Answer:
The max height of the ball is y = -1/2 (v0²/g).
It takes the ball t = -2 · v0/g to hit the ground.
The speed of the ball when it hits the ground is v = -v0.
Explanation:
The height and velocity of the ball is given by the following equations:
y = y0 + v0 · t + 1/2 · g · t²
v = v0 + g · t
Where:
y = height of the ball at time t
y0 = initial height
v0 = initial velocity
t = time
g = acceleration due to gravity (-9.8 m/s² considering the upward direction as positive).
v = velocity at time t
When the ball is at max height, the velocity is 0. So, let´s find the time at which the velocity of the ball is 0.
v = v0 + g · t
0 = v0 + g · t
t = -v0/g
Now, replacing t = -v0/g in the equation of height, we will obtain the maximum height:
y = y0 + v0 · t + 1/2 · g · t² (y0 = 0 because the origin of the frame of reference is located on the ground)
y = v0 · t + 1/2 · g · t²
Replacing t:
y = v0 · (-v0/g) + 1/2 · g · (-v0/g)²
y = -(v0²/g) + 1/2 · (v0²/g)
y = -1/2 (v0²/g)
The max height of the ball is y = -1/2 (v0²/g). Remember that g is negative.

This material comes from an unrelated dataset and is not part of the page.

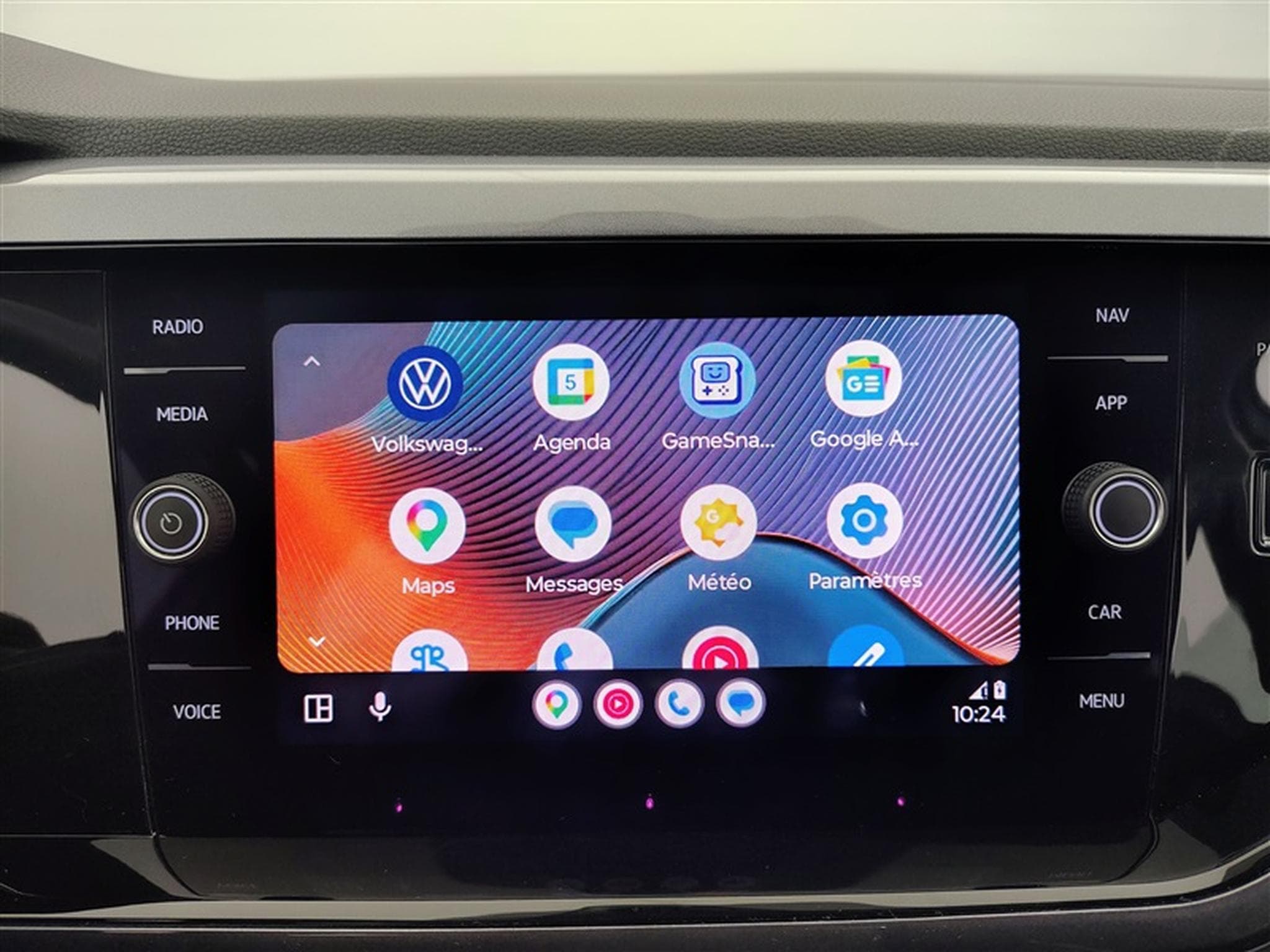 VW Taigo 1.0 TSI 110cv DSG Style CARPLAY / FULL LED / KEYLESS / JA 17 (2022) - Photo 20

Since the acceleration of the ball is always the same, the time it takes the ball to impact the ground will be twice the time it takes to reach its max height, t = -2 v0/g.
However, let´s calculate that time knowing that at that time the height is 0:
y = y0 + v0 · t + 1/2 · g · t²
0 = v0 · t + 1/2 · g · t²
0 = t · ( v0 + 1/2 · g · t)
0 = v0 + 1/2 · g · t
-2 · v0/g = t
It takes the ball t = -2 · v0/g to hit the ground.
Let´s use the equation of velocity at final time (t = -2 · v0/g):
v = v0 + g · t
v = v0 + g · ( -2 · v0/g)
v = v0 - 2· v0
v = -v0
The speed of the ball when it hits the ground is v = -v0.